# pterostylis curta



## cnycharles (Mar 30, 2011)

a few of us recently purchased some australian terrestrial orchid tubers from les nesbitt. I was asking on a north american native orchid forum/email list if anyone knew about initiating germination with one of the species (leptoceras menziesii) and there was an interesting discussion. one of the list members sent me an email off-line with a picture of one of his aussie terrestrials, and some descriptions of how he grows his plants and included some documents with his growing tips. he imported some plants including pterostylis and diuris about seven years ago, and through trial and error plus discussion with others, he finally came up with a good way to grow the remaining living plants. I'm sure you'll agree that his pterostylis curta is simply amazing! I asked if I could post his picture and other info, and he agreed and told me to include his name and email address so anyone who wanted to talk australian terrestrials he is more than happy to do so, and if anyone would like to trade he will be happy to do so in a few months after things go dormant






awesome pterostylis curta, owned by David Mellard of Atlanta, Ga. 


the two files below are links to documents. you can't open them in the browser
window, you have to select them to download, then open them in your word processor program. 
the docx file is a newer ms word file that won't open in an older version of word

http://www.cnyos.org/exdisp/Pterostylis_Culture_2010.docx

http://www.cnyos.org/exdisp/Growing_Pterostylis_#5DD155.doc

Here is some of the information that David gave me via email (besides the culture documents above)

"I’m attaching an article I wrote about how to grow Pterostylis.

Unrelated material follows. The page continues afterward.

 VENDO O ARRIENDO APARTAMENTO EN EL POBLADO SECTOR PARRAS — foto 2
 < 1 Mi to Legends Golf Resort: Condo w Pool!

Once you learn the trick about their dormancy, they are easy and readily multiply. I grow all my Pterostylis and Diuris this way. 

Initially, I tried to mimic the basic terrestrial mix developed by Helen Richards with the ANOS Victoria Group in Australia. It just didn’t work for me and the tubers either died or struggled to hang on. This lead to experimenting with soil-less mixes that are easily available here (e.g., Fafard3B, Sunshine, Pro-Mix). By this time, only the Pterostylis and Diuris Earwig remained but the plants responded very well to the soilless mix and now I have plenty of most of them, particularly the curta. I’m attaching the first article I wrote years ago describing the struggle with finding a mix and also the short article I have written recently for growing Pterostylis.

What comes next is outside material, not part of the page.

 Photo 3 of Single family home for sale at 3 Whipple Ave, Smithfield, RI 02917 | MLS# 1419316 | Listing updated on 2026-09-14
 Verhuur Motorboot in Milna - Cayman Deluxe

You also have the added problem of switching them to the Northern Hemisphere. My advice here is to observe your plants. Pot them up, and wait for them to emerge from dormancy, then start watering. Do not water unless you see growth. They will have a short growing season this year are likely to go dormant early (probably sometime during the summer). You’ll then have to stop watering, repot, and wait for them to come out of dormancy. You follow the same basic approach as outlined in the Pterostylis article, it’s just that the plants will tell you when to water and when to stop.

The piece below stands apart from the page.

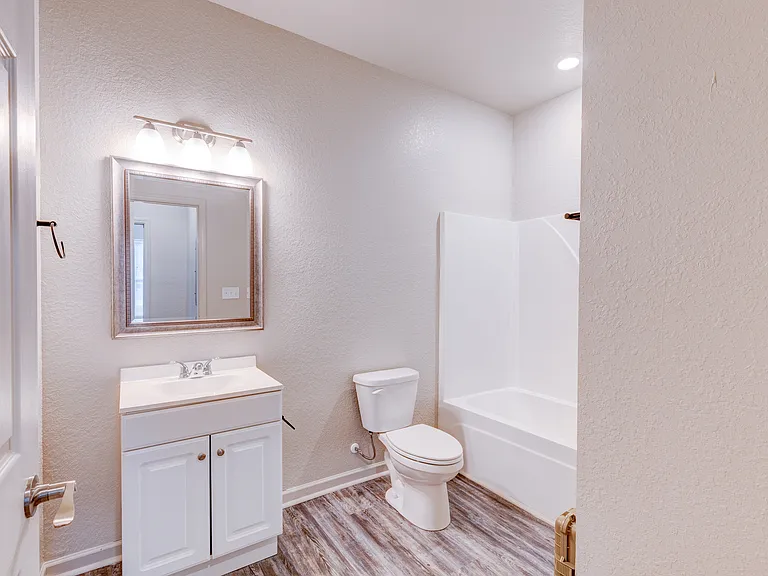 Moultrie New apts-22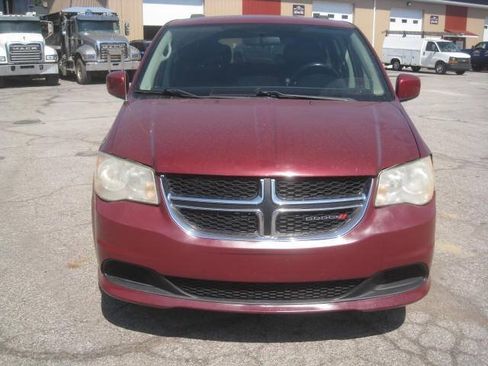 Used 2016 Dodge Grand Caravan SXT FWD image 2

Yes, you can add my name and email ([email protected]) to the photo. I’d be happy to correspond with anyone about growing Aussie terrestrials. If they are interested, I’d be happy to trade for other terrestrials. "


----------



## SlipperFan (Mar 30, 2011)

What a wild crowd!!!


----------



## Kevin (Mar 30, 2011)

Amazing!


----------



## NYEric (Mar 31, 2011)

Thanx. I think my Pt. curta survived in bark because I overwater and a mix of fines would have held too much water.


----------



## Dido (Mar 31, 2011)

This is a big group of orchids....


----------



## JeanLux (Mar 31, 2011)

What a gathering!!!! Jean


----------



## Hera (Mar 31, 2011)

Wow, what a display!!!


----------



## valenzino (Mar 31, 2011)

Spectacular!


----------



## Shiva (Mar 31, 2011)

Very well grown, though I'm not into those...yet.


----------



## biothanasis (Mar 31, 2011)

Duzzling!!!! Wish I could purchase / get some!!! Does anyone in Europe offer / have any aussie terrestrial orchids?


----------



## W. Beetus (Mar 31, 2011)

Spectacular! Amazing plant!


----------



## cnycharles (Mar 31, 2011)

it looks like rareplants.com in the uk sometimes has australian terrestrials


----------



## paphioboy (Apr 1, 2011)

Holy cow! I have to say that that pterostylis sure beats Les' anytime...


----------